EXPLAIN EXTENDED

How to create fast database queries

Hierarchical queries in MySQL

with 42 comments

There is no need in explaining how convenient hierarchical queries are.

A quick reminder: hierarchical data is a parent-child relationship contained in one table.

A typical task is to return values from the table in the following way:

  1. Resultset should be sorted like a tree, that is lexical sort by ancestry chains
  2. Depth level should be returned along with each row

It may sound confusing, but it's very simple in fact, like shown on this Oracle query:

SELECT  LPAD(' ', level * 4, ' ') || id, parent, level
FROM    t_hierarchy
START WITH
        parent = 0
CONNECT BY
        parent = PRIOR id
id parent level
1 0 1
2 1 2
7 2 3
8 2 3
9 2 3
10 2 3
11 2 3
3 1 2
12 3 3
13 3 3
14 3 3
15 3 3
16 3 3
4 1 2
17 4 3
18 4 3
19 4 3
20 4 3
21 4 3
5 1 2
22 5 3
23 5 3
24 5 3
25 5 3
26 5 3
6 1 2
27 6 3
28 6 3
29 6 3
30 6 3
31 6 3

We have a nice tree sorted as a tree, with rows indented according to the depth level.

In the query above, START WITH defines the root of the tree, and CONNECT BY defines join condition between parent and child rows. Parent columns are defined by adding PRIOR keyword to them.

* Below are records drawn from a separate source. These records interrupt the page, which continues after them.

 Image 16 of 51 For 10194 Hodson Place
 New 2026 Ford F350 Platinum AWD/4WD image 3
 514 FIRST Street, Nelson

In MySQL there is no such construct, but it can be emulated.

We may try construct a sorting function somehow, but it will be too complex to implement and probably inefficient.

Instead, we will develop our function in the following way:

  1. The function will be called for each row in a rowset
  2. We will not use the actual values of the rowset, but instead keep all intermediary data in the session variables. Rowset will serve just as a dummy source of rows for subsequent joins
  3. We will not use recursion, as it's impossible to keep the recursion state between function calls. Instead, we will just calculate next id given only current id

How do we find the next id given a current one?

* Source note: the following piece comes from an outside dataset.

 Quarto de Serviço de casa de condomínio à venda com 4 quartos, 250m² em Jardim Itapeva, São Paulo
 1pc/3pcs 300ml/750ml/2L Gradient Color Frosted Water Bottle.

  1. Initially, id is set to the id of the root we start with.
  2. If there is a row in the table with the same parent but greater id, we return that greater id, i. e. we return the next sibling of our row.
  3. If there current row is last of its parent, the parent becomes the current id, and we try repeat the step above.
  4. If the our row is the last child of the root, we return NULL for this call and all subsequent calls.

This is implemented as following:

Table creation details

CREATE FUNCTION hierarchy_connect_by_parent_eq_prior_id(value INT) RETURNS INT
NOT DETERMINISTIC
READS SQL DATA
BEGIN
        DECLARE _id INT;
        DECLARE _parent INT;
        DECLARE _next INT;
        DECLARE CONTINUE HANDLER FOR NOT FOUND SET @id = NULL;

        SET _parent = @id;
        SET _id = -1;

        IF @id IS NULL THEN
                RETURN NULL;
        END IF;

        LOOP
                SELECT  MIN(id)
                INTO    @id
                FROM    t_hierarchy
                WHERE   parent = _parent
                        AND id > _id;
                IF @id IS NOT NULL OR _parent = @start_with THEN
                        SET @level = @level + 1;
                        RETURN @id;
                END IF;
                SET @level := @level - 1;
                SELECT  id, parent
                INTO    _id, _parent
                FROM    t_hierarchy
                WHERE   id = _parent;
        END LOOP;       
END

As you can see, this function takes a value as an input agrument, but doesn't actually use it. This is because MySQL ignores NON DETERMINISTIC clause in the function definition, caches it's return value and doesn't actually call it if it's called with the same arguments.

To avoid this, we need some non-repeating value, that is id.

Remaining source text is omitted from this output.